> Exercise objective
Output exactly, with nothing added, the entries from the first line through the line with "Milwaukee Weather Outdoor".

Items from a dataset:
■ ■ ■
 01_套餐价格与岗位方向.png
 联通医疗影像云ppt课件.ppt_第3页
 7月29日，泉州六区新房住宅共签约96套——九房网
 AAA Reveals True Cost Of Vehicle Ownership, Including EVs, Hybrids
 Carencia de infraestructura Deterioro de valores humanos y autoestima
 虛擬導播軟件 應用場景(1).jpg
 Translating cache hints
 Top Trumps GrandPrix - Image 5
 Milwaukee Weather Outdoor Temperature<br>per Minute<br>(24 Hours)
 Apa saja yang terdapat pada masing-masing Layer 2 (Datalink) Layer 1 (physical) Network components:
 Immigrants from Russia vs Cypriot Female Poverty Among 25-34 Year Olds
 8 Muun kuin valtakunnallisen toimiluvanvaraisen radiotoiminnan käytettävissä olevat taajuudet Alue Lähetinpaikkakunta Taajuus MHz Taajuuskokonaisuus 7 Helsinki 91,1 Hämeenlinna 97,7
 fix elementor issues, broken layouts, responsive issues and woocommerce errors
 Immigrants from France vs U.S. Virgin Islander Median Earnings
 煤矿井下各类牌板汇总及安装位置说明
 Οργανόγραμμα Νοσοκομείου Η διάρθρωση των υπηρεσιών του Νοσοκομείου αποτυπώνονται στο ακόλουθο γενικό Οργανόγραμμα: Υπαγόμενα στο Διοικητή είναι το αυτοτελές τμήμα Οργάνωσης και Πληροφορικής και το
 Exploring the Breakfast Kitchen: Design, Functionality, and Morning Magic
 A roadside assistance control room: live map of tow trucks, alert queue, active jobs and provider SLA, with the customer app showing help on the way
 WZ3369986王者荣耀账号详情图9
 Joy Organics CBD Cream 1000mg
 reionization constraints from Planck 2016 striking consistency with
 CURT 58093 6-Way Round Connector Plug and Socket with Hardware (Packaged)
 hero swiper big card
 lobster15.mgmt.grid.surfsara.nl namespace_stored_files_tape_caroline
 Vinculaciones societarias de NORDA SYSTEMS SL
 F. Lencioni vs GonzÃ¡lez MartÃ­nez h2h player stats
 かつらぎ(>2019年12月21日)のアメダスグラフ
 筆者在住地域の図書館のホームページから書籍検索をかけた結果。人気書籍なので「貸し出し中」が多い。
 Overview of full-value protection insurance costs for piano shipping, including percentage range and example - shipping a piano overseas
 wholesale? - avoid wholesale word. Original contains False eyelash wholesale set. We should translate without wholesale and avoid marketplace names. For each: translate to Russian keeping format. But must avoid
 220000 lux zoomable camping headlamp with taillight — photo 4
■ ■ ■
> Answer for the task
 01_套餐价格与岗位方向.png
 联通医疗影像云ppt课件.ppt_第3页
 7月29日，泉州六区新房住宅共签约96套——九房网
 AAA Reveals True Cost Of Vehicle Ownership, Including EVs, Hybrids
 Carencia de infraestructura Deterioro de valores humanos y autoestima
 虛擬導播軟件 應用場景(1).jpg
 Translating cache hints
 Top Trumps GrandPrix - Image 5
 Milwaukee Weather Outdoor Temperature<br>per Minute<br>(24 Hours)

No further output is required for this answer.